Tuesday, August 13, 2013

Capturing Arm Motion in Real-time using Two IMUs

Created by Cheni Chadowitz, Rui WangAbhinav Parate, Deepak Ganesan


This project was one step towards using a single, wrist-worn sensor to recognize the motions we make throughout our day while in the midst of various activities. Things like eating, drinking, running, smoking all have unique motion associated with them and, by using an IMU (inertial measurement unit) worn on the wrist, we hope to be able to recognize when known activities begin and end. For our purpose, we used the MPU-9150, produced by InvenSense Inc. The MPU-9150 is a 9-axis sensor that includes a 3-axis gyroscope, a 3-axis accelerometer, and a 3-axis compass. Together, these sensors can produce an error-corrected quaternion that indicates the 3D orientation of the sensor with respect to magnetic North and gravity.

MPU-9150 by InvenSense Inc.
Source: http://invensense.com/mems/gyro/documents/AN-MPU-9150IMF%20InvenSense%20MotionFit%20SDK%20Quick%20Start%20Guide.pdf
For this project in particular, we used two MPU-9150 sensors to produce a realistic, real-time graphical representation of an arm moving in 3D space. By mounting one sensor on the bicep just below the shoulder, and a second sensor on the wrist, we can reconstruct the orientation of the entire arm in 3D space. We found this representation to be fairly intuitive when used to identify the activity the subject is partaking in at the time. Using this graphical representation, we will gather and label a large amount of training data so that we are able to recognize a variety of activities when subjects are wearing a single, wrist-mounted sensor.

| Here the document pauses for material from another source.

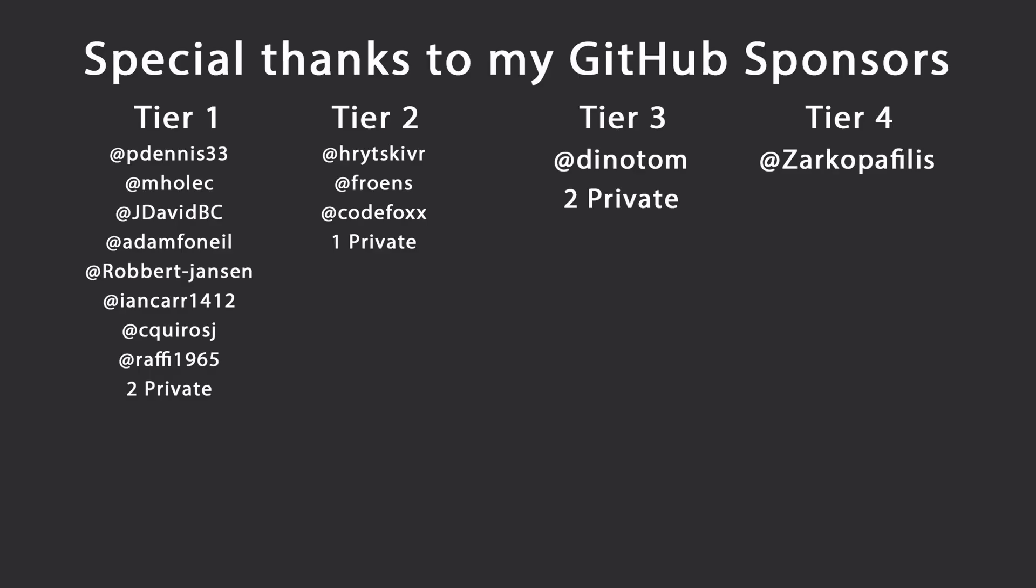That's all I had for you for today. Thank you very much for watching. Especially thanks to my GitHub sponsors for making these videos possible. If you want to support me as well, you're going to find the link in the description down below. Leave a like if you liked this video, subscribe for more content like this, and ring the bell as well. And I'll see you in the next video. Keep coding.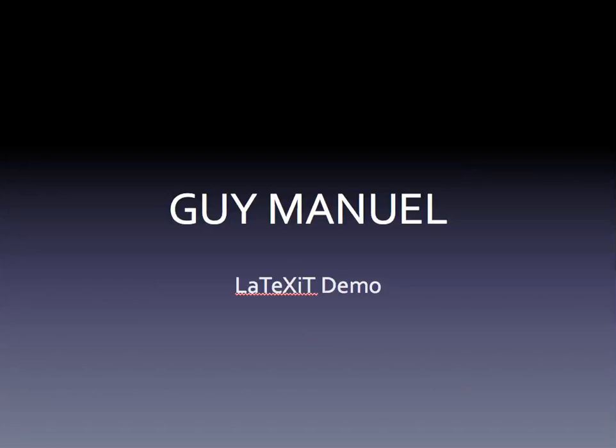LaTeXiT is a small utility that allows you to quickly typeset LaTeX equations. This short demo is going to show you how to use LaTeXiT.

We show a brief demo in the video above. Both sensors were mounted in the correct alignment with elastic medical bandages, and then the subject went through variety of short motions. The video on the left is a real-time representation of the orientations the sensors are producing, shown by manipulating a 3D model of a mannequin. The video on the right is of the subject himself. The software used is described and provided below.

Software Setup:

The software provided was developed using Processing due to its ease of use and the ability to hit the ground running. Since Processing is Java-based, you can view and edit the source code in any Java environment, however it may be easier to download and install the Processing IDE and edit the source code there.

Currently, the latest version of the software is available at Github, but a .zip archive download is available here, too.

Bluetooth setup:

In Windows and Mac OS X, you must first pair the two sensors with your computer. It is normally easier if you pair one at a time and wait for each device to complete the setup before pairing the next.

The software has not been tested under Linux, however if you are able to pair both sensors (as with Windows and Mac) and create a serial port for each, it may work successfully. The serial library include with Processing needs to be able to access the serial port. Check here for possible tips.

Once you have paired your sensors, you need to edit the config.json file located in the data folder to indicate the correct serial ports for each sensor. If you start the sketch (or the included executables) without changing the configuration, it will display the available serial ports so that you can use the correct values in the configuration file. Once you have saved the configuration, it will attempt to connect to the sensors the next time you start it.

Make sure to check below for your particular operating system to see any additional tips and details.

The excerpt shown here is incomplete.